Retailers like Bogg Bag and Boll & Branch face rising ecommerce refund fraud as generative AI tools enable criminals to create convincing fake evidence

Incident date
Jul 2026
Target
Bogg Bag, Boll & Branch
Updated Jul 17, 2026 · 1 min read

Ecommerce retailers are increasingly vulnerable to sophisticated refund fraud as generative AI tools allow bad actors to produce highly realistic, forged evidence. Retailers such as Bogg Bag and Boll & Branch have already reported encounters with AI-falsified refund proof, highlighting a growing trend that threatens to undermine the trust-based systems used by online merchants to process returns.

What happened

Online merchants typically approve refund requests based on provided documentation, such as customer descriptions and photographs of damaged goods, without physically inspecting the items. This process, often utilized for inexpensive or perishable products to save on shipping and handling costs, relies on the assumption that the submitted evidence is authentic. Generative AI has rendered this assumption obsolete. Criminals are now using simple text prompts to create plausible imagery of product defects, including cracks, stains, mold, tears, and dents, as well as damaged packaging.

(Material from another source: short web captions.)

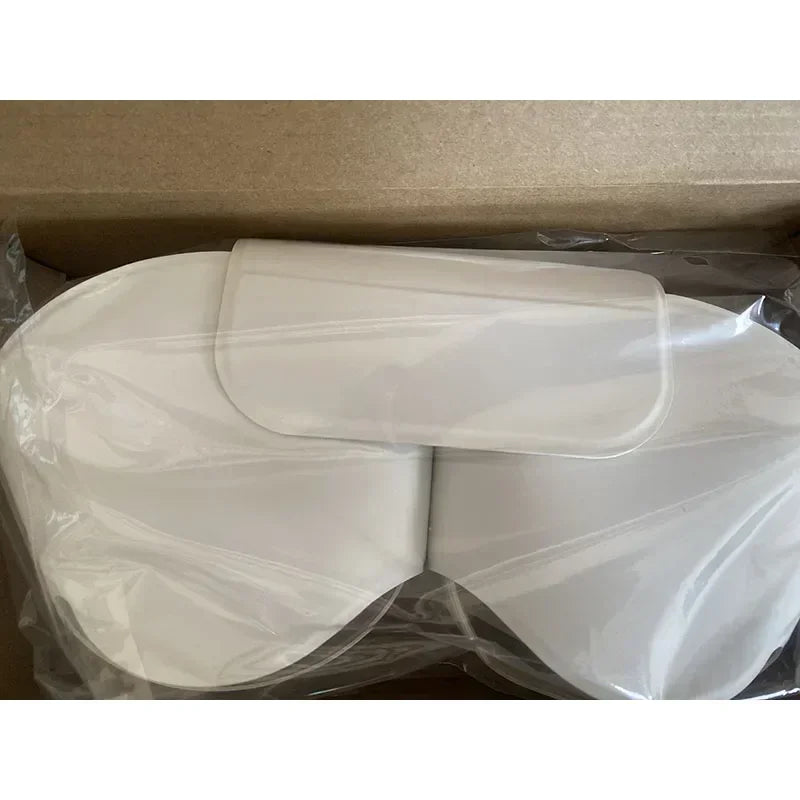 Suitable for AirPods Max second-generation Bluetooth headset smart power-off protection case, high-quality leather storage bag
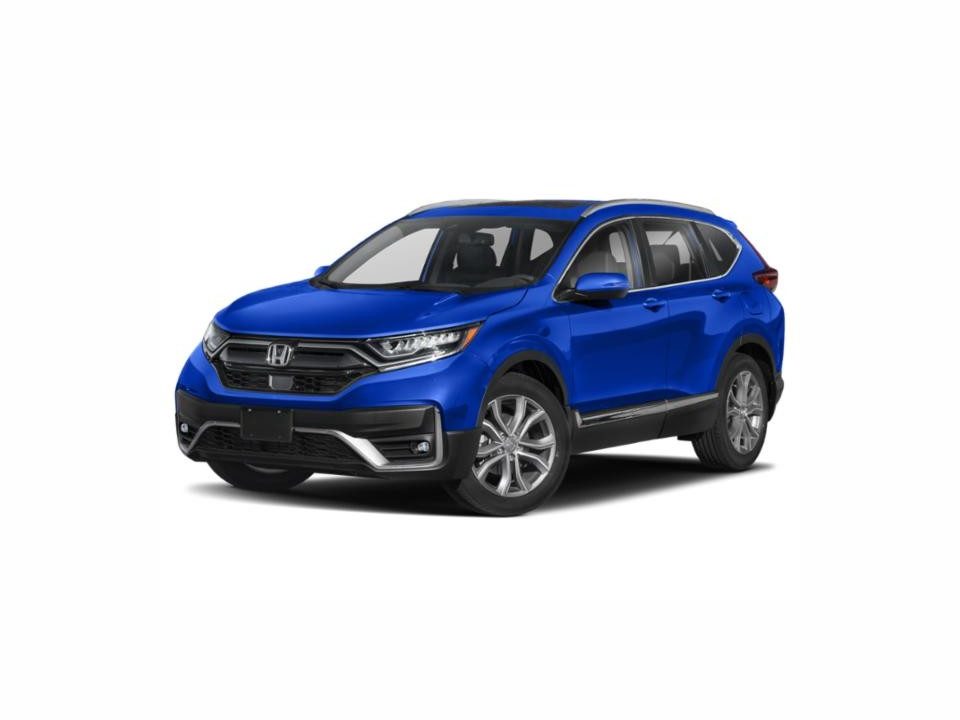 2022 Honda CR-V AWD Touring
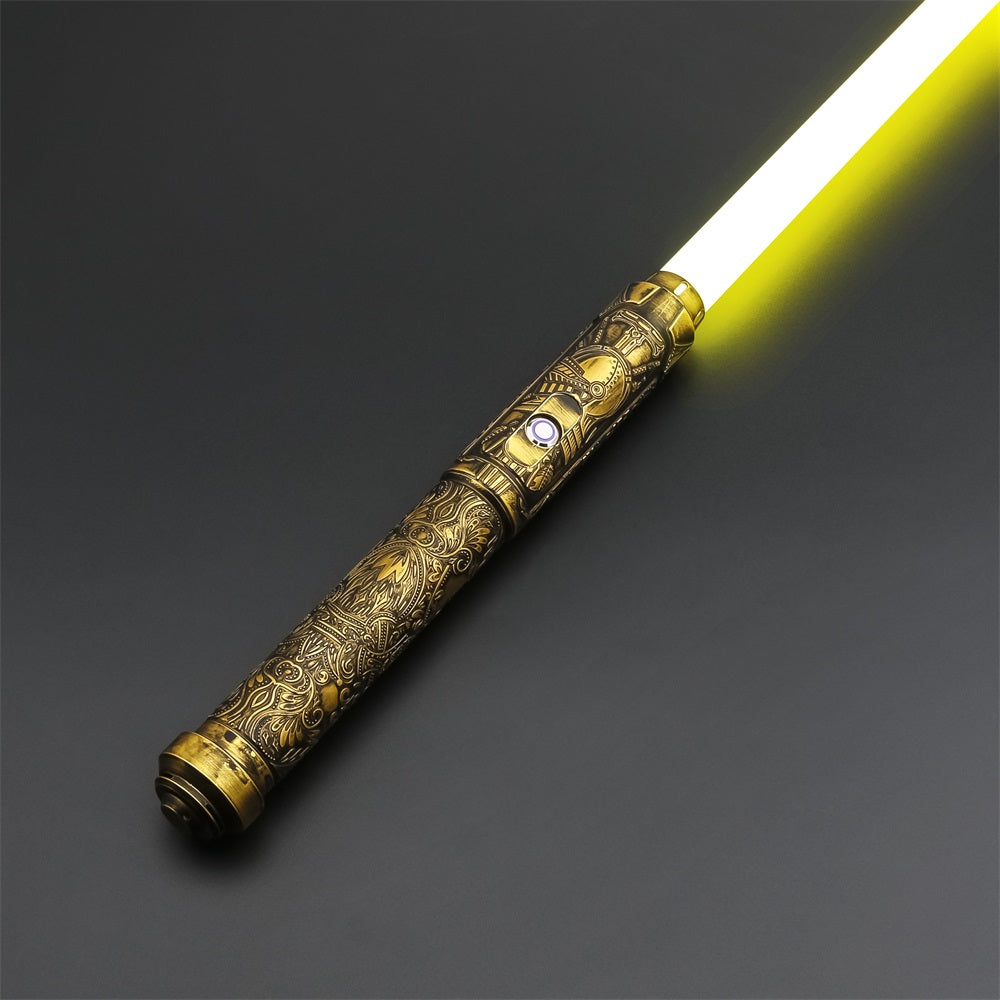 Serenity Gold Edition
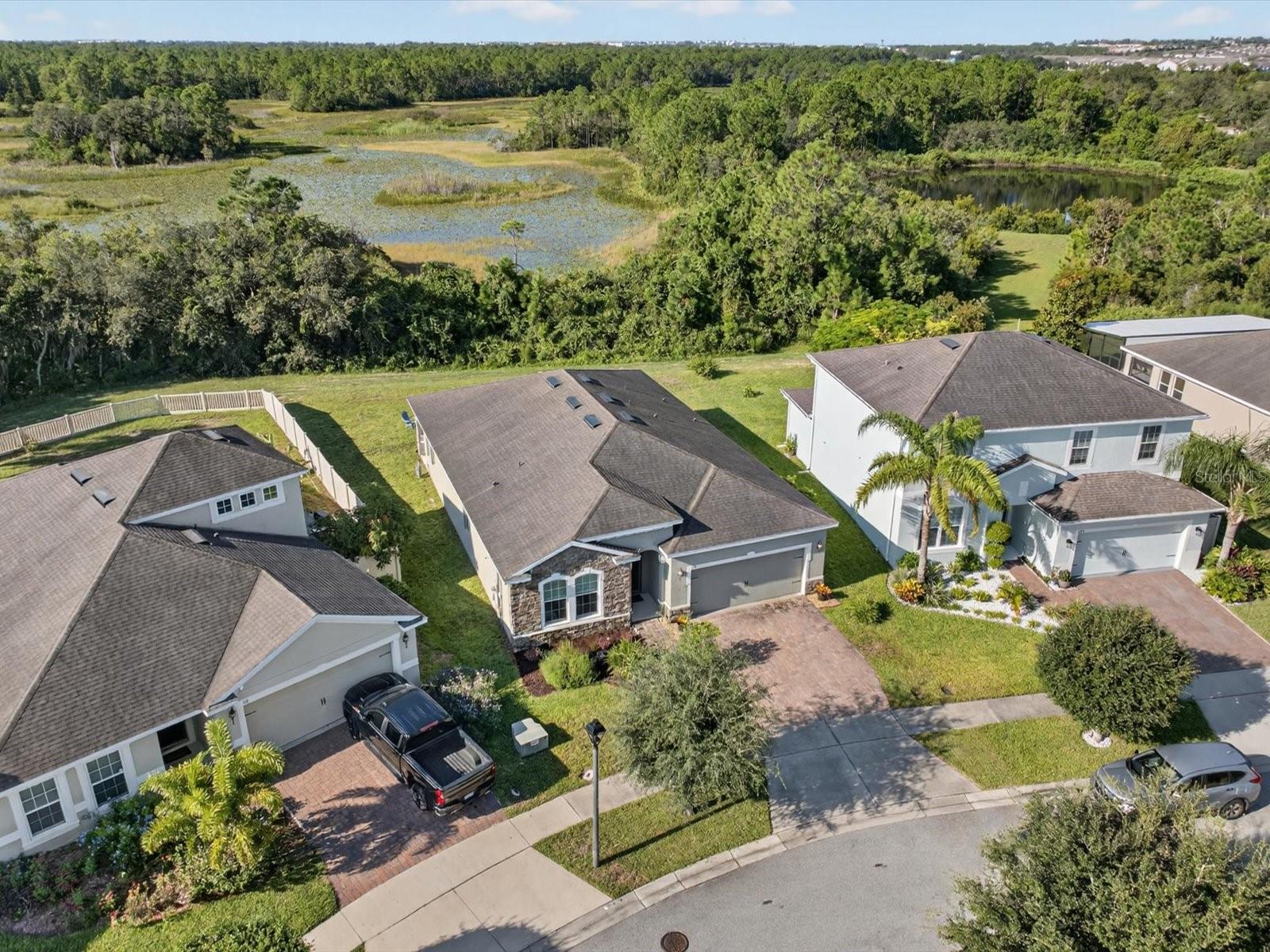 CHAMPIONS RESERVE - Residential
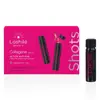 Lashilé Beauty Shots Collagène 5000 mg Action Anti-âge Collagène marin type 1 et 3, Zinc 14 shots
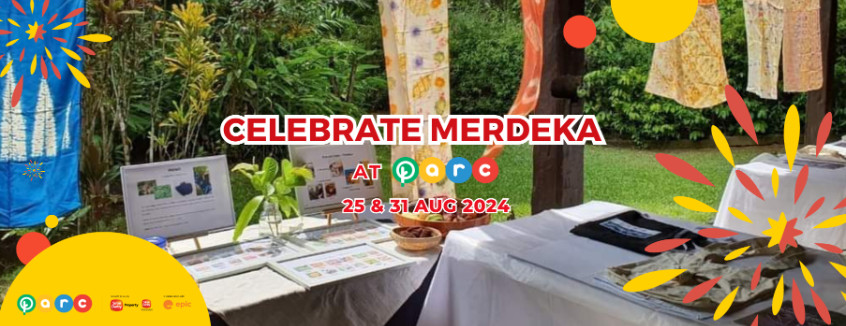 Cultural Connections: Merdeka 2024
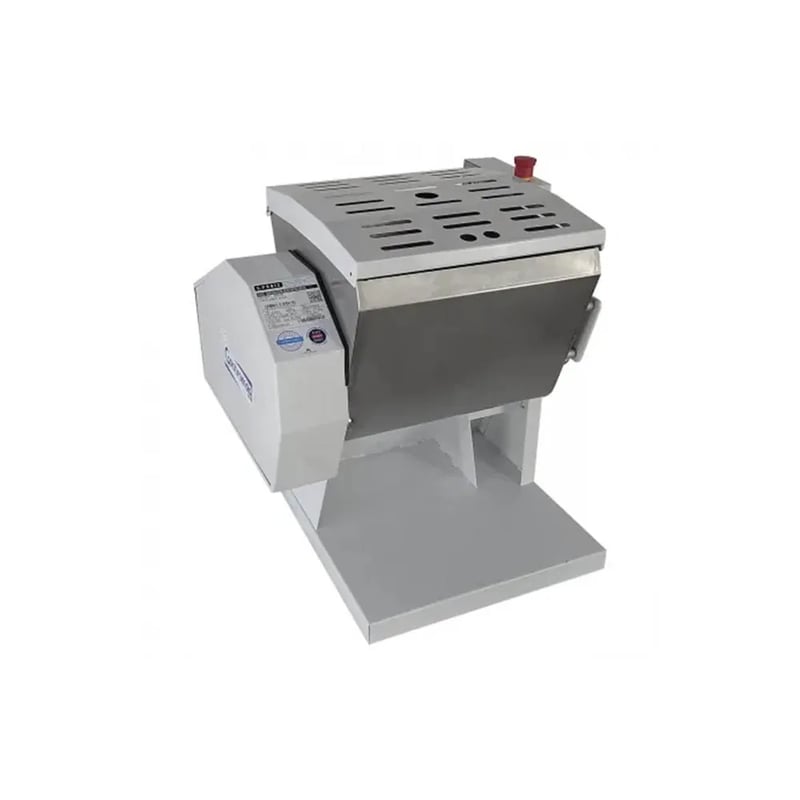 AMASSADEIRA SEMI RÁPIDA PARA 25KG DE MASSA GASTROMAQ MBI-25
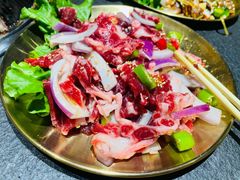 原味肋条-老板娘串店·中餐&烧烤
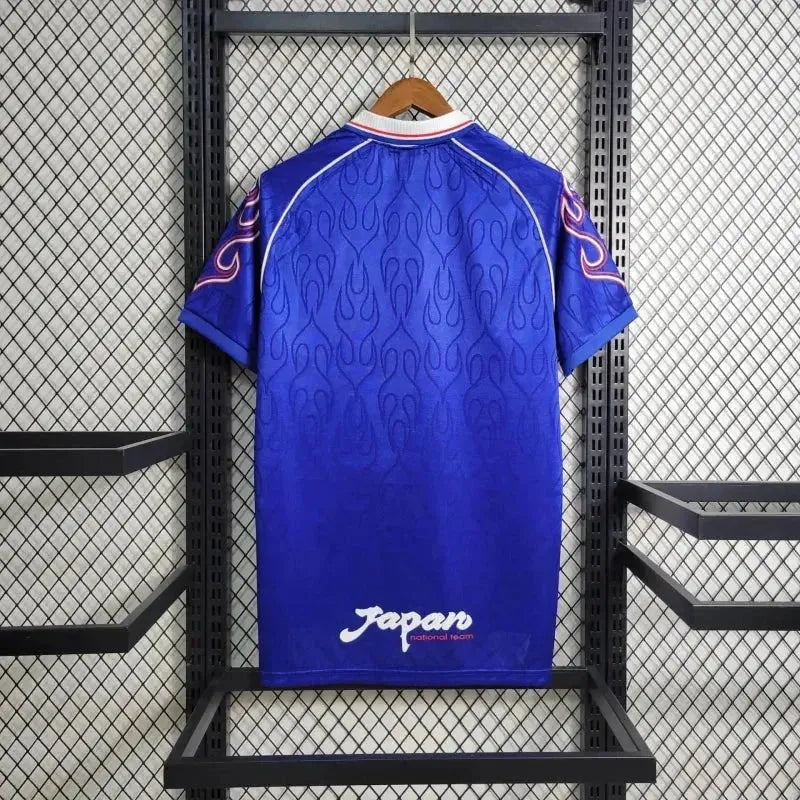 Retro Home 1998/99 Shirt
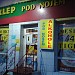 Pod nosem (24h) in Sosnowiec city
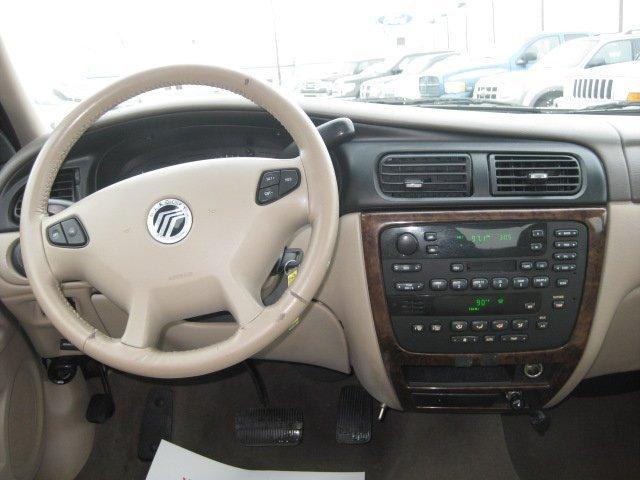 2000 Mercury Sable LS Premium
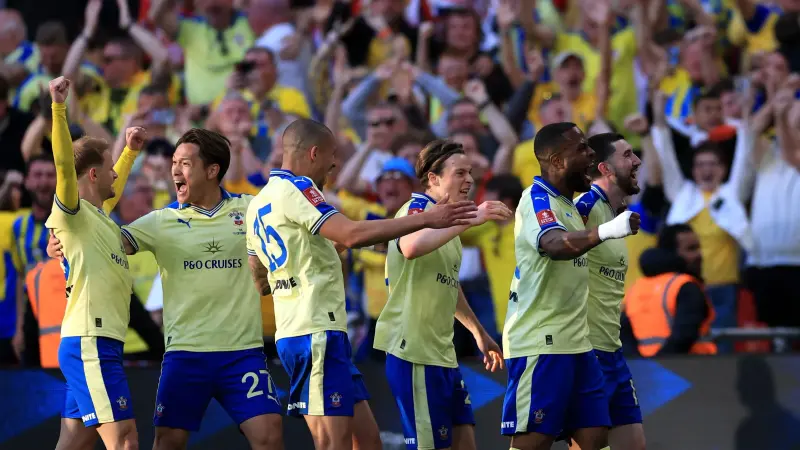 القنوات الناقلة لمباراة ساوثهامبتون ضد إيبسويتش تاون اليوم في دوري التشامبيونشيب مع الموعد والتشكيلة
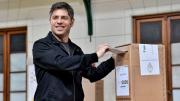 Kicillof cuestionó la Boleta Única de Papel y advirtió sobre la reforma laboral que impulsa Milei: No va a funcionar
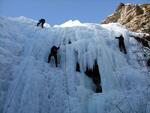 Cascade des Eysserennes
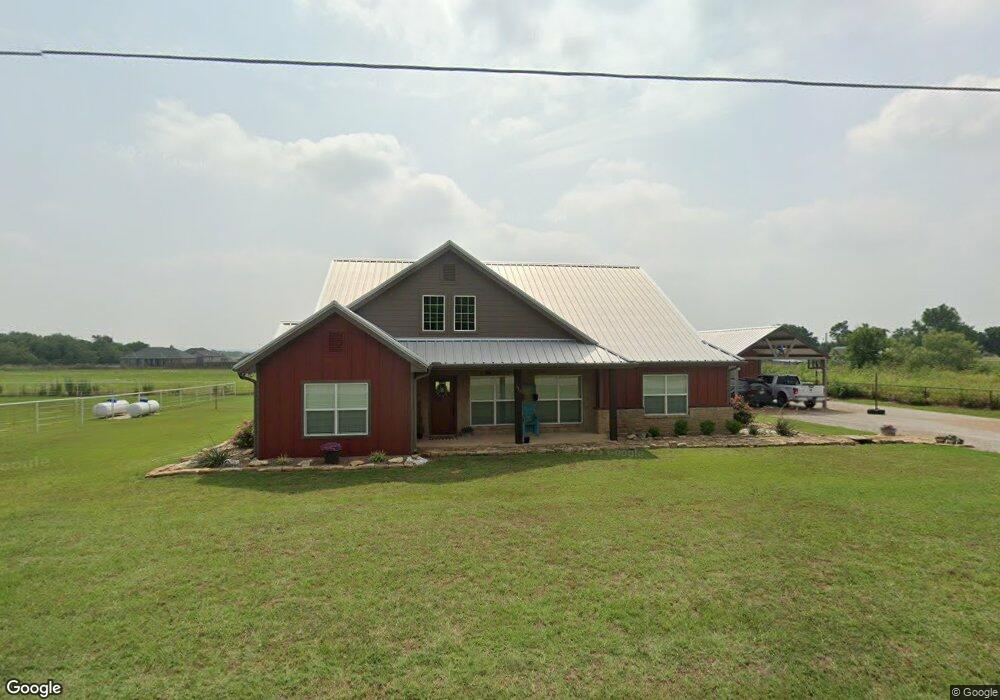 111 Olde Towne Rd, Paradise, TX 76073 - photo 1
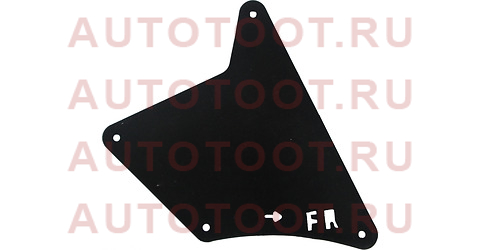 Защита арки TOYOTA LC PRADO120-150/FJ CRUISER 07-09/4RUNNER/HILUX SURF 02-09/LEXUS GX470 02-09 st3100004 sat – купить в Омске. Цены, характеристики, фото в интернет-магазине autotoot.ru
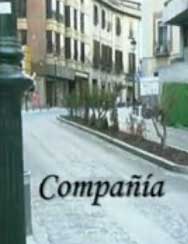 Poster Compañía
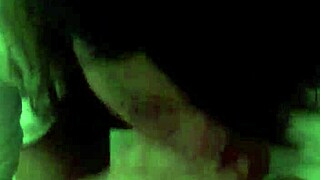 texan vixen gives a full blowjob and facial with cumshot 😏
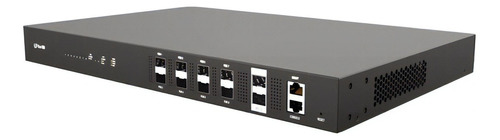 Ubiquiti Uf-olt-br Ufiber 1u 8p Gpon 2p Sfp+ Fonte Ac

Beyond image manipulation, AI is being leveraged to manufacture a complete deceptive narrative. Fraudsters use these tools to fabricate shipping records, carrier documents, delivery screenshots, and customer service correspondence that implies a merchant has already approved a refund. Because these tools can generate multiple iterations of a claim with minimal effort, the fraud is highly scalable and can be automated across numerous accounts and merchants. While retailers are exploring defensive measures—such as reviewing image metadata, conducting reverse-image searches, and implementing manual reviews for high-value claims—these interventions often introduce significant operational costs and potential customer friction. As detection tools struggle to keep pace with the rapid advancement of image generation, businesses are finding that the ease of creating synthetic evidence poses a significant challenge to traditional loss prevention.